Title: National Priorities Project Database
Publisher: National Priorities Project
Tested: October 20-22, 2004
There are several excellent reference sources that provide raw statistical data about demographic, social and economic indicators, as well as state rankings, such as the various almanacs and the CQ State Fact Finder. However, many of them are not available online, or are available but for subscribers only. The Census Bureau does a good job of making most of its census and survey data openly accessible, including the American FactFinder databases. Other government agencies also have useful and current statistics related to the most pressing economic and social issues. Despite their efforts of visualizing the data and offering a series of menu selections for locating the desired data, finding meaningful statistics for often debated issues can be overwhelming for many users, especially because such statistics are scattered across different sources. Enter the National Priorities Project (NPP) with its database of informative, consolidated content and its appealing user interface.

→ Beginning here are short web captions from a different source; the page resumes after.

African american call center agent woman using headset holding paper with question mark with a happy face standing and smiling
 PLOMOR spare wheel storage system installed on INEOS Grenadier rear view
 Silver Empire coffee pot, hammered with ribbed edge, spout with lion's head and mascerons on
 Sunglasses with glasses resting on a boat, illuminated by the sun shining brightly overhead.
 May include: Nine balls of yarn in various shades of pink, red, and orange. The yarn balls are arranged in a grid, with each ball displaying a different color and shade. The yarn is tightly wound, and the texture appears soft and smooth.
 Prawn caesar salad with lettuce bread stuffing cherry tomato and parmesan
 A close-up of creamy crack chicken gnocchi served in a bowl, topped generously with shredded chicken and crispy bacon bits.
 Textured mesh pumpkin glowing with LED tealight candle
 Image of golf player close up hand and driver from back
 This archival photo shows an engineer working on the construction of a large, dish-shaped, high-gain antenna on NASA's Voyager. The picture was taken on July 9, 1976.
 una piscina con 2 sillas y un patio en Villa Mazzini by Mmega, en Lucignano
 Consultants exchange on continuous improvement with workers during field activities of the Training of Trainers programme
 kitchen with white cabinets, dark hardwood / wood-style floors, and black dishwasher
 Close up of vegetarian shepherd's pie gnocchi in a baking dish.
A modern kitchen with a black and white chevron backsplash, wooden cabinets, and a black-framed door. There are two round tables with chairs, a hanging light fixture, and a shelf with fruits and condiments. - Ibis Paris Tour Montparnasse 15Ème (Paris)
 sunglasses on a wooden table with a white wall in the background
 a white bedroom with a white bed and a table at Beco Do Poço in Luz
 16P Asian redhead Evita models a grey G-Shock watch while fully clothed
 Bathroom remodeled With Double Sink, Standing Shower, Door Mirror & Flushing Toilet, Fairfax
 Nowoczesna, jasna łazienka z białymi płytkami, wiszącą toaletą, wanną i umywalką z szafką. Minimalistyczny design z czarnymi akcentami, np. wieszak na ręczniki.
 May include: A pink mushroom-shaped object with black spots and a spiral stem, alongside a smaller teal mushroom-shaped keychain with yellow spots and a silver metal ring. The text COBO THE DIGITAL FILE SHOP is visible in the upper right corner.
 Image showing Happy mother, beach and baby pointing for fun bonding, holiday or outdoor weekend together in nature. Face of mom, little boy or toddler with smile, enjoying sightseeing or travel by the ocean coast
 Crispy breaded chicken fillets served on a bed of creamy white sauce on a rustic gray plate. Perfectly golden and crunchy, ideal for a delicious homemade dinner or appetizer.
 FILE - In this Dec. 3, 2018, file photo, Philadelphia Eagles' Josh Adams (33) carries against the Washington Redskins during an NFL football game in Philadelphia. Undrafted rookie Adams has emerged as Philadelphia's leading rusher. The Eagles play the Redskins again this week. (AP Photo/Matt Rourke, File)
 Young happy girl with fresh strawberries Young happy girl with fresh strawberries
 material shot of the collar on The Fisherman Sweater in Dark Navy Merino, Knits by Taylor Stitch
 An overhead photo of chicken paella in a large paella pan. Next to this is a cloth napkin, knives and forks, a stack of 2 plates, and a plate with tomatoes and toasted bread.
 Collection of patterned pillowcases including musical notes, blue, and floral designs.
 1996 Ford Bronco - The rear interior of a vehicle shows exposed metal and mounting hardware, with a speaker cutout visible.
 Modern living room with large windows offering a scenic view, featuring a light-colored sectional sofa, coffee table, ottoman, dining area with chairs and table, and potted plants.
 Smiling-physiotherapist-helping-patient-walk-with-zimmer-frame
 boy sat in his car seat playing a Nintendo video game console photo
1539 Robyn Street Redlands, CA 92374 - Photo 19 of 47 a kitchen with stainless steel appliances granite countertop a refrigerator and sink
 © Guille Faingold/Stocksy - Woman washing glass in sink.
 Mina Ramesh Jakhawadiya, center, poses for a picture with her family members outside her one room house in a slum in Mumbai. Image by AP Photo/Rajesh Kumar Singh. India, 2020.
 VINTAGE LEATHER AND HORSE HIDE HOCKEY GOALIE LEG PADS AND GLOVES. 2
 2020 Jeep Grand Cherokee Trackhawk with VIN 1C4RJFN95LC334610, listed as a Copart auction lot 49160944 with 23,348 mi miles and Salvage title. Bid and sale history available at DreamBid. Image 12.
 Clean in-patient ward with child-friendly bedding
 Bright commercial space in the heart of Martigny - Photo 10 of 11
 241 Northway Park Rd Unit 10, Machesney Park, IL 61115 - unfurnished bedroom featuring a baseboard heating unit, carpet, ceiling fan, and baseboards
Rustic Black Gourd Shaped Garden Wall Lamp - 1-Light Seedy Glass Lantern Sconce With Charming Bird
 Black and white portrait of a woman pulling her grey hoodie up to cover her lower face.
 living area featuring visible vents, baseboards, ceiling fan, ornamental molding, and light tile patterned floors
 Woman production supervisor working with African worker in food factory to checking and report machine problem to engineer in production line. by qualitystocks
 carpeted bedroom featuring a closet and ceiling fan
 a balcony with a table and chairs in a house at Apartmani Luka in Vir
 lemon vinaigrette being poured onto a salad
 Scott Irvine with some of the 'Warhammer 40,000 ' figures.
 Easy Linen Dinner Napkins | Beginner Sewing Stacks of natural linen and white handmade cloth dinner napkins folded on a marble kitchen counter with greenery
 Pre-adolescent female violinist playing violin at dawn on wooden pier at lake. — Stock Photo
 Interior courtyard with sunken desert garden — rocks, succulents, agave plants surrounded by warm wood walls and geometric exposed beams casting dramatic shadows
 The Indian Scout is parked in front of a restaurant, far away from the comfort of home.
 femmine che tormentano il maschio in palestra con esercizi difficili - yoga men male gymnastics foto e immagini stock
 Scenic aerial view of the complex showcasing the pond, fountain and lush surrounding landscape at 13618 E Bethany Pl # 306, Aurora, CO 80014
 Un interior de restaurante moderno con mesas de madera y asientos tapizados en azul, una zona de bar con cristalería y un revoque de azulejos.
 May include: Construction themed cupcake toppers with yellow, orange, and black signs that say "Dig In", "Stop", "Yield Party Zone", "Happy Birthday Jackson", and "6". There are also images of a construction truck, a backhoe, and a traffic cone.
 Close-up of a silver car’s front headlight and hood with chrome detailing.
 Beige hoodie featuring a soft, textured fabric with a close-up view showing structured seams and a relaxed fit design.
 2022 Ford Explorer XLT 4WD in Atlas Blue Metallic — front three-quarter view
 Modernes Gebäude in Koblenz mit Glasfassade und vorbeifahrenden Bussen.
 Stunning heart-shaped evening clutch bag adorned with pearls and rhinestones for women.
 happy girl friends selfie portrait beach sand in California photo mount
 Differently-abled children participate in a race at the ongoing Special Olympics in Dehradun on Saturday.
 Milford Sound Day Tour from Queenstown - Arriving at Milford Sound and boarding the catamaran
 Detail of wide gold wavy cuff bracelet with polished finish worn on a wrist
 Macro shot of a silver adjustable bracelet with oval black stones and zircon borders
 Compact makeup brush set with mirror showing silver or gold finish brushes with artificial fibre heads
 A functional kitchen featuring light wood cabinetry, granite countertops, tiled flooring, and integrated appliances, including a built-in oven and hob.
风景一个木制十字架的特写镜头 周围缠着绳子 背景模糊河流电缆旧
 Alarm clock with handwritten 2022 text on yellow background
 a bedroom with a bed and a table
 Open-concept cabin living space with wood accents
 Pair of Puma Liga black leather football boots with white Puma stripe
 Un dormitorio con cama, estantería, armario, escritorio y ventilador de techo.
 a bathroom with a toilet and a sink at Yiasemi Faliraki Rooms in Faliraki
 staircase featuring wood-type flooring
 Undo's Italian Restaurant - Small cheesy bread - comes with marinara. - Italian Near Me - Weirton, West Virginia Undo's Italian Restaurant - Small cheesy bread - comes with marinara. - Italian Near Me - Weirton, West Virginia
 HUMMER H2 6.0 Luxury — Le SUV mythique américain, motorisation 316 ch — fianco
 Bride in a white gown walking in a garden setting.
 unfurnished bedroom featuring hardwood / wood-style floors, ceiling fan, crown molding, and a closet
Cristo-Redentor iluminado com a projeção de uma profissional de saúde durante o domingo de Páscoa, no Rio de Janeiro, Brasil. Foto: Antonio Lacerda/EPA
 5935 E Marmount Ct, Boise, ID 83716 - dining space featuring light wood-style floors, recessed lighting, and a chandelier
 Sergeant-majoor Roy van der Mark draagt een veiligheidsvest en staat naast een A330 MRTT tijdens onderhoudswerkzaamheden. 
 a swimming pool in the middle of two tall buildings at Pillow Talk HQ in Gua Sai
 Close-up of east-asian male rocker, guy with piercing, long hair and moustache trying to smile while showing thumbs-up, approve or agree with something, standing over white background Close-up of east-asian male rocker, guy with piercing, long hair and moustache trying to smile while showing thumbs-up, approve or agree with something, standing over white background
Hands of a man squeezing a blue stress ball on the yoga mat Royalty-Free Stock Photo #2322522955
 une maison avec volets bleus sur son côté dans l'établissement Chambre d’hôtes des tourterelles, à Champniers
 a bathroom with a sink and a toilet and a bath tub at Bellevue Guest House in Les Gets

The database is produced and maintained by the National Priorities Project, a 501 nonpartisan education organization created "to educate the public on the impacts of federal tax and spending policies at the community level". (Of course, the often depressing data may not make the organization look nonpartisan.) NPP has enlightening and understandable statistics at the national, state and even county level about the most vexing issues, such as the rising costs of prescription drugs and the increasing gap between the approved and required budget for the Department of Veterans Administration just when it will be needed most. The data are presented in the form of standardized mini essays in PDF format and are impeccably sourced for each statistical profile.
There are nine major issues: Poverty, Housing, Military, Hunger, Education, Health, Labor, Energy and Basic Demographics. Each issue has statistics broken down into 10 to 30 subtopics. The Health issue subtopics, for example, include Medicare, Medicaid, Uninsured Persons, Uninsured Children, Community Health Centers, HIV and AIDS treatment, Heart Disease Research, Neuroscience Research, and a dozen other subtopics.
The NPP database itself allows you to look at the raw data, drill down to a particular aspect of the issue and define the historical period, i.e. to customize the information presented.
For example, you can get food stamp allocation data based on your choice of states and time period in a tabular format, along with sources, notes and links. Similarly, you can get a statistical table about the proportion of uninsured people from 1990 onward, for one or more states, listed side-by-side. Or, you could view the national profile versus one or more state profiles.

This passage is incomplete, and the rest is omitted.